Mata Olivia menatap ke arah api unggun yang perlahan menyala dan menghangatkan mereka. Tiba-tiba dari samping, Olivia bisa merasakan sebuah sentuhan tangan di wajahnya, ia berpaling dan mendapati Varo sedang merapikan helain rambut di wajahnya.
“Sorry, tapi dari kemarin aku gemes ngeliat rambut kamu kena wajah kamu” kata Varo jujur. Bukannya marah, Olivia marah tersenyum manis membiarkan Varo menyisipkan rambutnya ke belakang telinga.
“Makasih” kata Olivia pelan.
“Kak, ini minumannya mau ditambah lagi atau enggak?” teriak Dimas pada Rangga.
“Cukup kok itu, makasih ya” jawab Rangga.
Dimas menaruh box berisi bir di sampingnya dan duduk di sebelah Olivia. “Varo, coba lu bayangin kalo tiba-tiba ada babi lari kesini buat matiin api unggun”
“Maksud kamu badak Afrika?” koreksi Olivia, Dimas diam sebentar kemudian mengangguk salah tingkah membuat semuanya tertawa geli.
“Dia emang gitu, kalo mau ngejokes nggak pernah observasi dulu” ujar Varo.
“Dibandingkan kurang observasi, gue lebih percaya kalo otak Dimas itu datar macam penggaris butterfly, makanya kalo ngejokes suka sembarangan” sambung Bima dari samping menimbulkan cekikikan geli. Dimas mendelik sewot tapi terlihat tidak peduli.
“Ada yang mau nggak?” Johan menyodorkan sepiring jagung bakar dan tanpa basa-basi langsung disambar oleh anak-anak sampai ia sendiri tidak kebagian.
“Brengsek” maki Johan.
“Nih punya gue. Gue lagi puasa makan biji-bijian” kata Varo nyengir lebar melihat ekspresi Johan.
“Gue nggak bakal basa-basi bilang ‘udah buat lu aja,’ gue pengen soalnya” balas Johan menerima jagung milik Varo.
“Sera, nyanyi” senggol Bima. Sera mendengus menunjukan ekspresi tidak berminat.
“Jangan diganggu Bim, lagi galau dia, entar kepala lu di bakar” ujar Johan santai. Sera mendengus keras.
“Kenapa lagi Ser? Kan aku udah bilang kawin lari aja biar keluarga langsung setuju” sahut Rangga bergabung bersama Nabila.
“Sera ada pacar?” bisik Dimas bertanya pada Olivia dan dijawab dengan anggukan polos.
Dimas mendadak syok sementara disisi lain Bima sibuk menahan tawa, mulutnya bergerak membisikan sebuah kalimat singkat. “Mampus lu!” gumam Bima terlihat puas.
“Sekarang bukan masalah restu keluarga kak.

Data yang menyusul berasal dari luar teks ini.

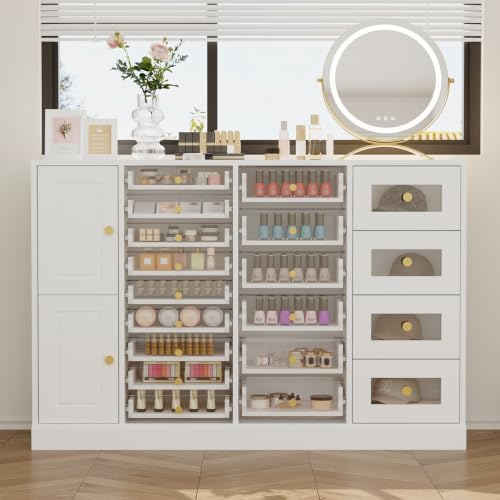 Nail Polish Storage Jewelry Display Cabinet with 19 Acrylic Drawers - Image 3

Doi aku marah besar” kata Sera curhat. “Udah tiga hari dia ngediemin aku, tapi nggak ngomong putus. Jadi sekarang aku bingung”
“Ya nggak apalah, paling ngambek biasa, ntar juga damai” balas Olivia menenangkan. Sera menggeleng kuat.
“Kali ini dia marah besar. Kalo dia minta putus gimana?”
“Ya paling entar nyambung lagi”
“Tapi aku nggak mau kita putus nyambung, kayak bohlam murahan tau nggak?” ketus Sera. Bima dan Johan spontan ketawa ngakak, tapi kemudian buru-buru menutup mulut ketika melihat pelototan tajam Sera.
“Ketawa aja kalian berdua, ntar lihat kalo kalian berdua galau, aku ketawa lewat toa masjid” ancam Sera jengkel.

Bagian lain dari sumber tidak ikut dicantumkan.